I am trying to evaluate the sum $\displaystyle\sum_{n=1}^{\infty}\dfrac1n\sin\dfrac1n$.
This was given in my real analysis test yesterday.
I have proved that the sum exists:
We know for any non-negative real $x$, $\sin x\le x$.
Hence $$\displaystyle\sum_{n=1}^{\infty}\dfrac1n\sin\dfrac1n\le
\displaystyle\sum_{n=1}^{\infty}\dfrac1n\cdot\dfrac1n=\displaystyle\sum_{n=1}^{\infty}\dfrac1{n^2}=\dfrac{\pi^2}{6}$$
But how can I find the sum?
Answer
I cannot say there is no closed form, I just hope this gives you an idea.

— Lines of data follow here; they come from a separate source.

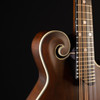 Eastman MD315 F-Style Mandolin - Classic #0897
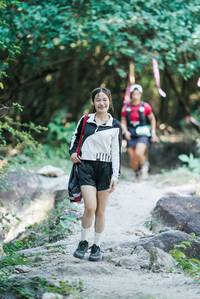 BIB: 
                            <button type="button" onclick="openModal(28151052)" class="btn btn-primary btn-sm float-right btn-popup" data-toggle="modal" data-target=".modal-high-quality">
                        <i class="fas fa-shopping-cart"></i> Add to Cart
                    </button>
                                            <button type="button" onclick="isThisMe(28151052, true)" class="btn btn-success btn-sm float-right btn-popup btn-isme hidden" data-toggle="tooltip" data-placement="bottom" title="นี่คือรูปของคุณใช่ไหม คลิกที่นี่เพื่อเอาเข้าอัลบั้ม">
                        <i class="fas fa-plus"></i> Add to album
                    </button>
                    <button type="button" onclick="isThisMe(28151052, false)" class="btn btn-warning btn-sm float-right btn-popup btn-isnotme hidden">
                        <i class="fas fa-ban"></i> Remove from album
                    </button>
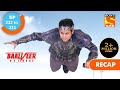 Baalveer returns     ep 232  233  recap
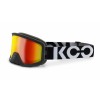 Koo Edge CGO00001659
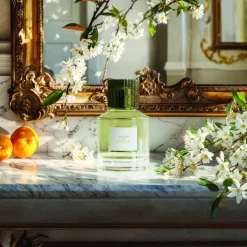 Trudon Absolu Eau de Parfum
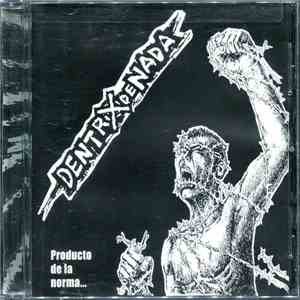 Dentro De Nada - Producto De La Norma download free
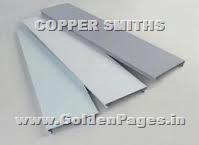 > </div>
<div class=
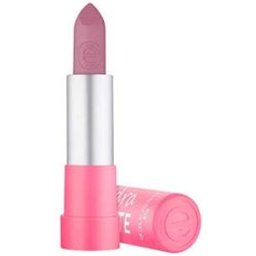 Hydra Matte Rouge à Lèvres 401 Mauve Ment 3.5g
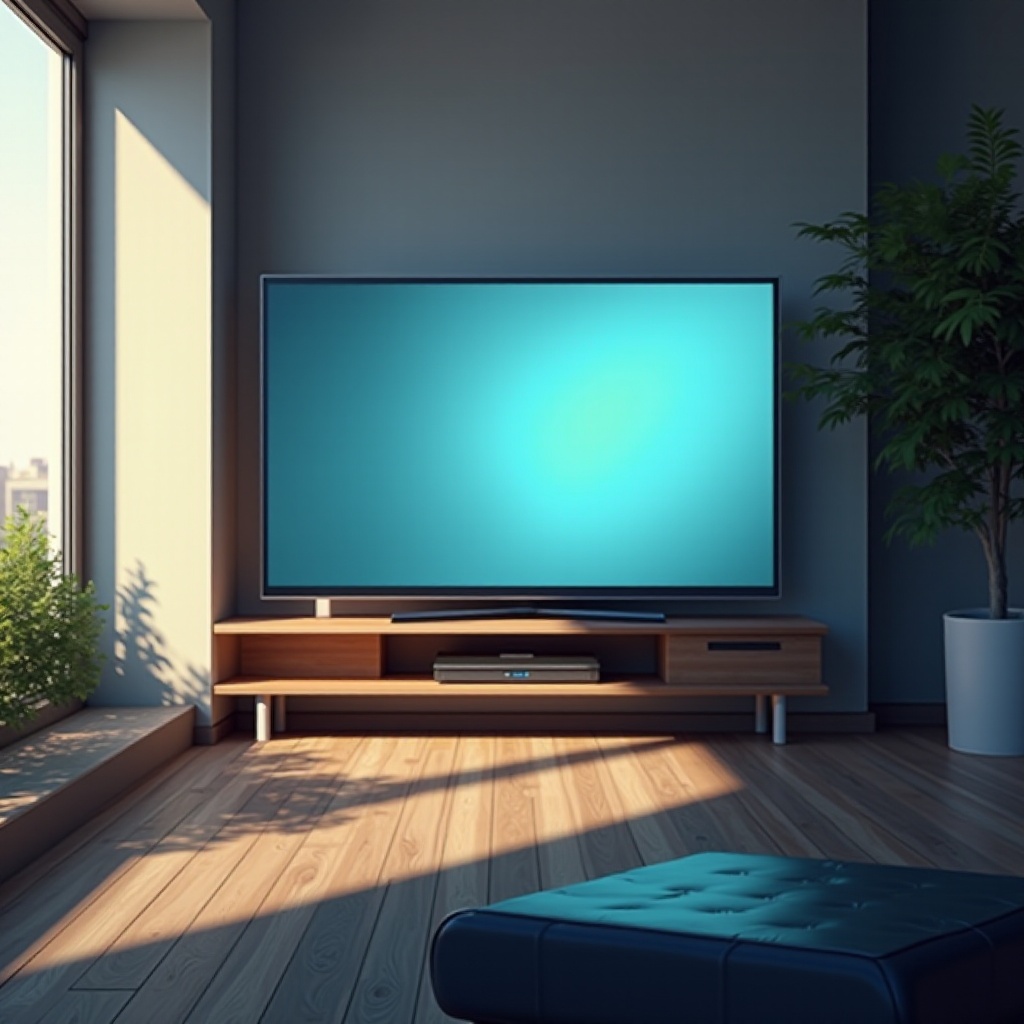 ทีวีมี กล้องหรือไม่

\begin{align*}\sum_{n=1}^\infty \frac1n\sin\frac1n&=\sum_{n=1}^\infty \frac1n\bigg[\frac1n-\frac1{3!n^3}+\frac1{5!n^5}-\frac1{7!n^7}+\cdots\bigg]\\
&=\sum_{n=1}^\infty\bigg[\frac1{n^2}-\frac1{3!n^4}+\frac1{5!n^6}-\frac1{7!n^8}+\cdots\bigg]\\
&=\zeta(2)-\frac16\zeta(4)+\frac1{120}\zeta(6)-\frac1{5040}\zeta(8)+\cdots\end{align*}
When $k$ get large, $\zeta(k)$ will get closer and closer to $1$, I believe this gives a faster convergent to the sum.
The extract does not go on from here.